WHAT THE TASK REQUIRES: The lines to reproduce from the material below are those from the one containing "4730 SW 54th, Davie, FL 33314" through the one containing "5 bedrooms, iron/ironing", both included; write them out exactly and add nothing.

THE DATA:
= Beginning of Section =
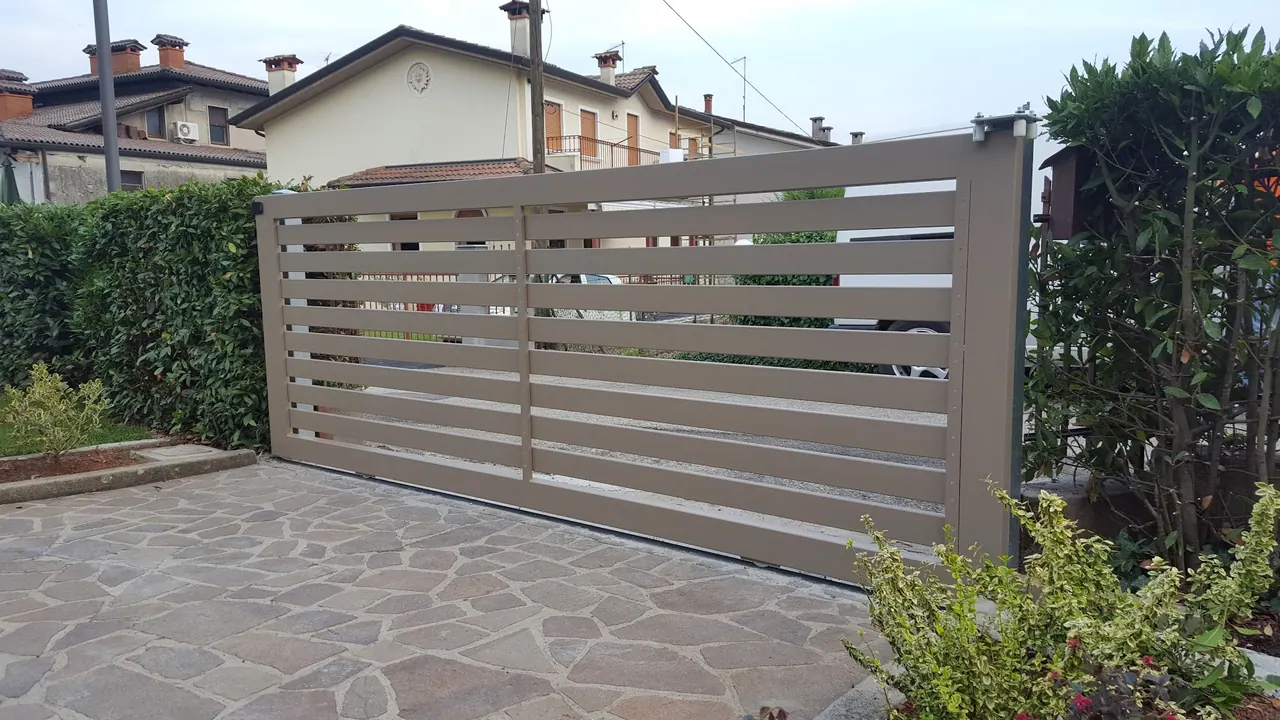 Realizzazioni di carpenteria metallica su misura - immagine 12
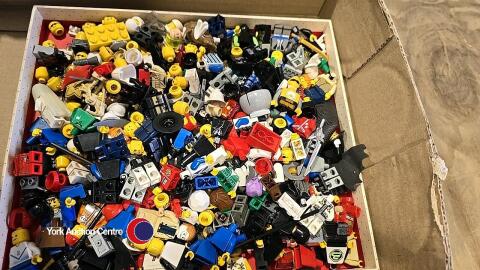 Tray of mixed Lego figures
= End of Section =
= Beginning of Section =
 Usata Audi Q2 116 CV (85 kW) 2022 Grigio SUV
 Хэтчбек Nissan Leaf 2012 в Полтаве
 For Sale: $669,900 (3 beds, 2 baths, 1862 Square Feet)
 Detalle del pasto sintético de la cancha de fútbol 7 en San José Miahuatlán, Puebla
= End of Section =
= Beginning of Section =
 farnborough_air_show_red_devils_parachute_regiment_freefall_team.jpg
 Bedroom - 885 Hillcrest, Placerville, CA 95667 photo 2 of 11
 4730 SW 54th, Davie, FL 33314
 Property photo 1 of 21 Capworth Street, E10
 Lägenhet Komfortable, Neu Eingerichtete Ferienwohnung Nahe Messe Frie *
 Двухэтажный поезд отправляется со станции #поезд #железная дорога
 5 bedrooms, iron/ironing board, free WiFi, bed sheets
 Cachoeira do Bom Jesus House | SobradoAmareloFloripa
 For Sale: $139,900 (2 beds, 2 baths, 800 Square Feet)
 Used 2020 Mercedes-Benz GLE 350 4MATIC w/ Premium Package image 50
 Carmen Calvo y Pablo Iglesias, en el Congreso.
= End of Section =
FINISHED EXERCISE:
 4730 SW 54th, Davie, FL 33314
 Property photo 1 of 21 Capworth Street, E10
 Lägenhet Komfortable, Neu Eingerichtete Ferienwohnung Nahe Messe Frie *
 Двухэтажный поезд отправляется со станции #поезд #железная дорога
 5 bedrooms, iron/ironing board, free WiFi, bed sheets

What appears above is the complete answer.